Exploração lunar pode gerar €140 bilhões até 2040, mas enfrenta barreiras regulatórias e técnicas

O mercado de exploração lunar registrou intensificação dos investimentos privados e governamentais nos últimos 24 meses. Projeções da consultoria PwC, divulgadas em setembro, estimam movimentação de €140 bilhões no setor até 2040.
A descoberta de depósitos substanciais de hélio-3 nas regiões polares lunares impulsionou esta corrida espacial. O isótopo, escasso no planeta Terra, oferece alta eficiência energética para aplicação em reatores de fusão nuclear. Uma tonelada de hélio-3 equivale energeticamente a 10 milhões de toneladas de carvão, conforme dados oficiais da NASA.
A norte-americana Astrobotic, beneficiária de contratos de US$ 79,5 milhões da agência espacial americana, estabeleceu cronograma de missões de prospecção para 2026. John Thornton, presidente executivo da empresa, declarou em conferência realizada em Houston no mês anterior que a companhia desenvolve equipamentos para extração e processamento de materiais lunares no próprio satélite.
Disputa geopolítica pela supremacia espacial
China, Estados Unidos e União Europeia estruturaram iniciativas específicas para mineração lunar. O projeto chinês Chang'e prevê construção de base permanente no satélite até 2030. O programa Artemis americano planeja retomar missões tripuladas até 2026. A Agência Espacial Europeia destinou €2,4 bilhões para tecnologias de exploração espacial entre 2025 e 2030.
O potencial econômico da empreitada lunar estende-se além do hélio-3. A superfície satelital concentra titânio, alumínio e elementos de terras raras indispensáveis à indústria tecnológica. O regolito lunar armazena água congelada, recurso estratégico para missões espaciais futuras e possível colonização.

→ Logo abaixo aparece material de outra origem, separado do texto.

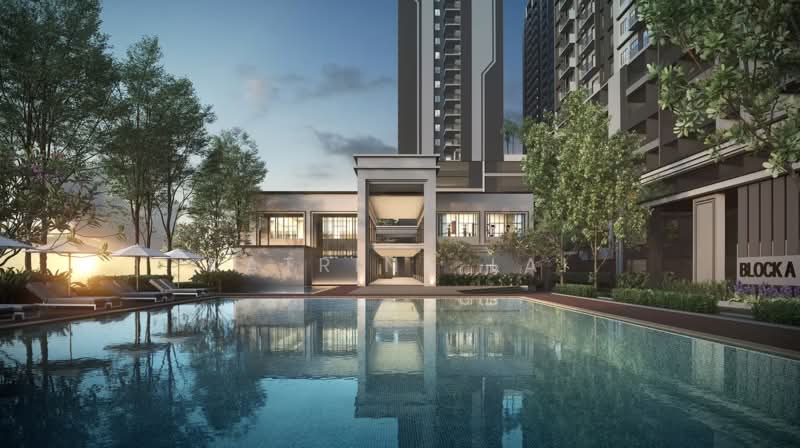 Kondominium untuk Disewa di Residensi Begonia - Katrina Lai - Pool - PropertyGuru.com.my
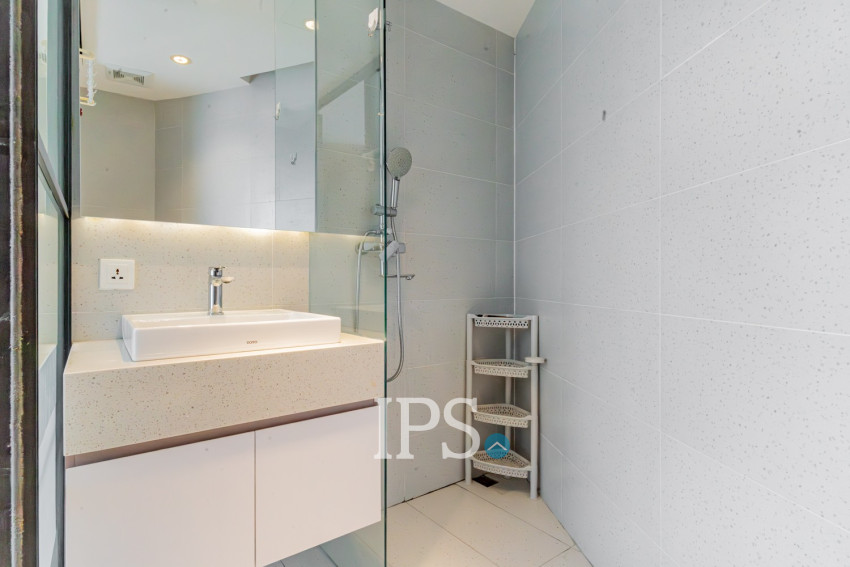 1 Bedroom Condo For Rent - Time Square 3, Boeung Kak 1, Phnom Penh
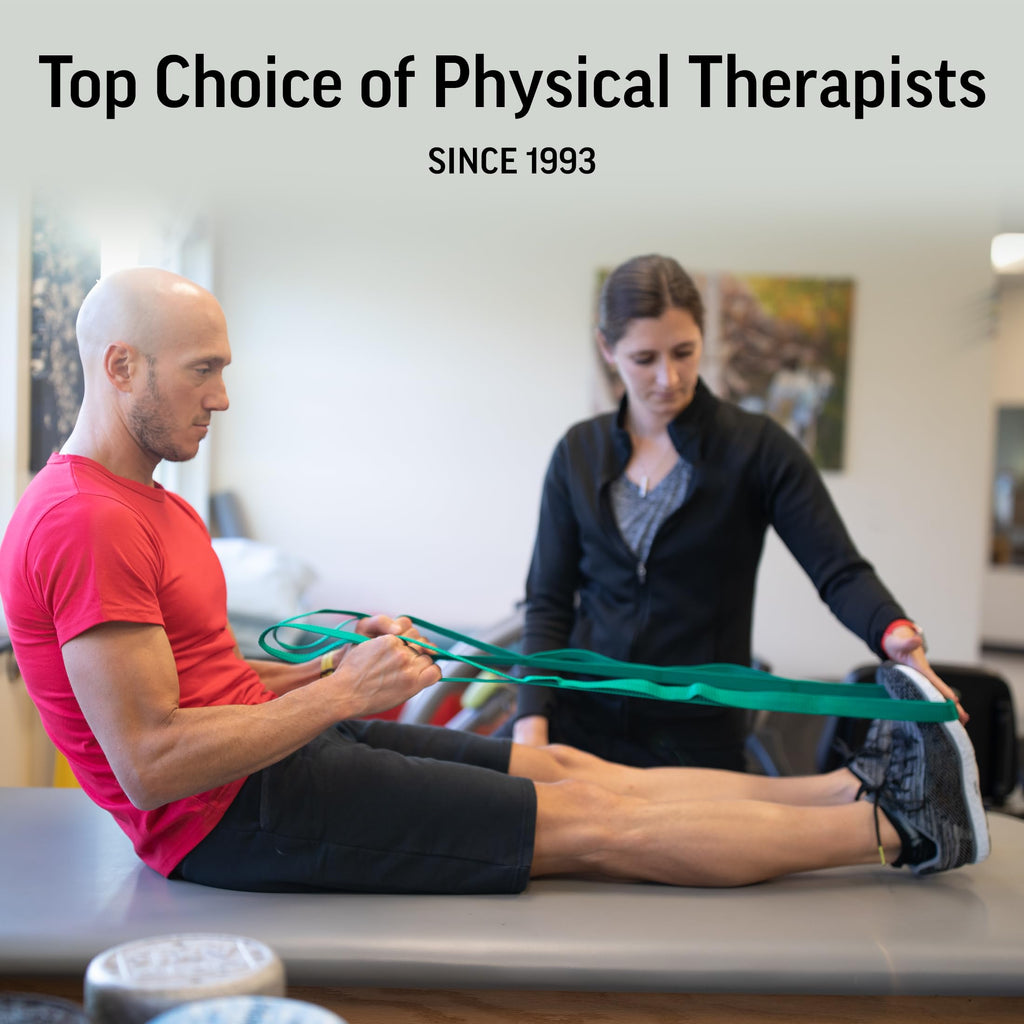 The Original Stretch Out Strap With Exercise Book - Made In The Usa By Optp - Top Choice Of Physical Therapists, Athletic Traine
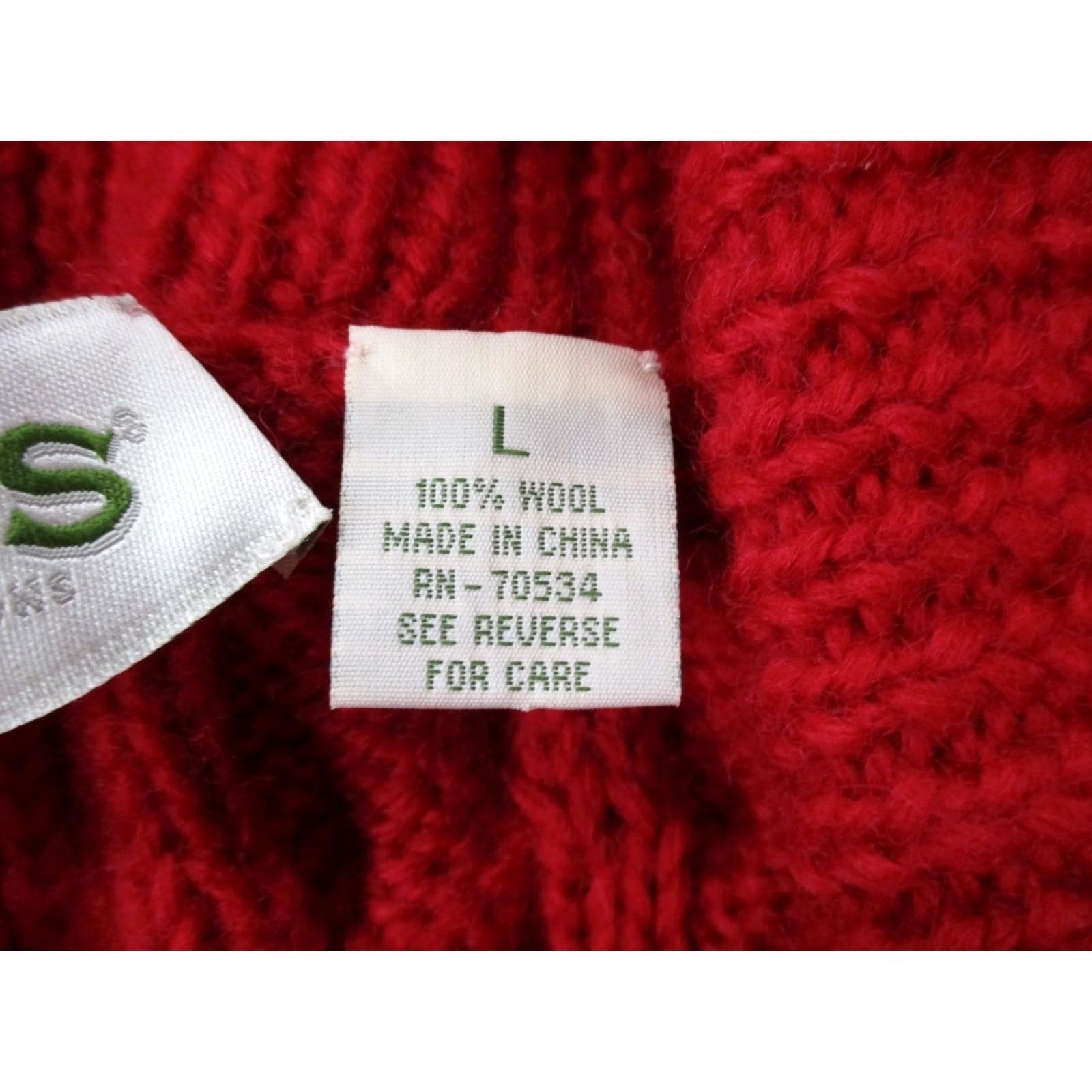 Orvis Orvis Sweater Men L Red Wool Heavy Fisherman Cardigan Knit Outdoor Casual Size US L / EU 52-54 / 3 - 7 Thumbnail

Limitações econômicas e desafios operacionais
Especialistas questionam a viabilidade comercial da mineração lunar nos prazos estabelecidos pela indústria. Maria Santos, pesquisadora em engenharia aeroespacial da Universidade de Brasília, pondera que os custos de transporte Terra-Lua permanecem proibitivos para operações extrativas em grande escala.

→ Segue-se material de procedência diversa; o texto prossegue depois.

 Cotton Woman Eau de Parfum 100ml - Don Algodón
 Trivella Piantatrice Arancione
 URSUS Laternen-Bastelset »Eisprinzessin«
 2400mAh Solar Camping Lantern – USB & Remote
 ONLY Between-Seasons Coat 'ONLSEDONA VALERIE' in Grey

O transporte de uma tonelada terrestre para o satélite custa aproximadamente US$ 1,2 milhão, segundo informações da SpaceX. Esta cifra necessita redução mínima de 90% para tornar a exploração lunar competitiva economicamente com a extração terrestre de recursos equivalentes.
Vácuo jurídico internacional persiste
A inexistência de marco legal específico para mineração espacial constitui obstáculo adicional significativo. O Tratado do Espaço Exterior de 1967 veda reivindicações de soberania nacional sobre corpos celestes, mas não esclarece direitos de exploração comercial.
Estados Unidos e Luxemburgo promulgaram legislações domésticas reconhecendo direitos proprietários sobre recursos extraídos espacialmente por empresas nacionais. Rússia e China rejeitam esta interpretação e advogam regulamentação multilateral via Organização das Nações Unidas.
O Brasil mantém indefinição oficial sobre mineração espacial, conforme informações do Ministério da Ciência, Tecnologia e Inovação. O país atua como observador nas deliberações do Comitê das Nações Unidas para Usos Pacíficos do Espaço Exterior.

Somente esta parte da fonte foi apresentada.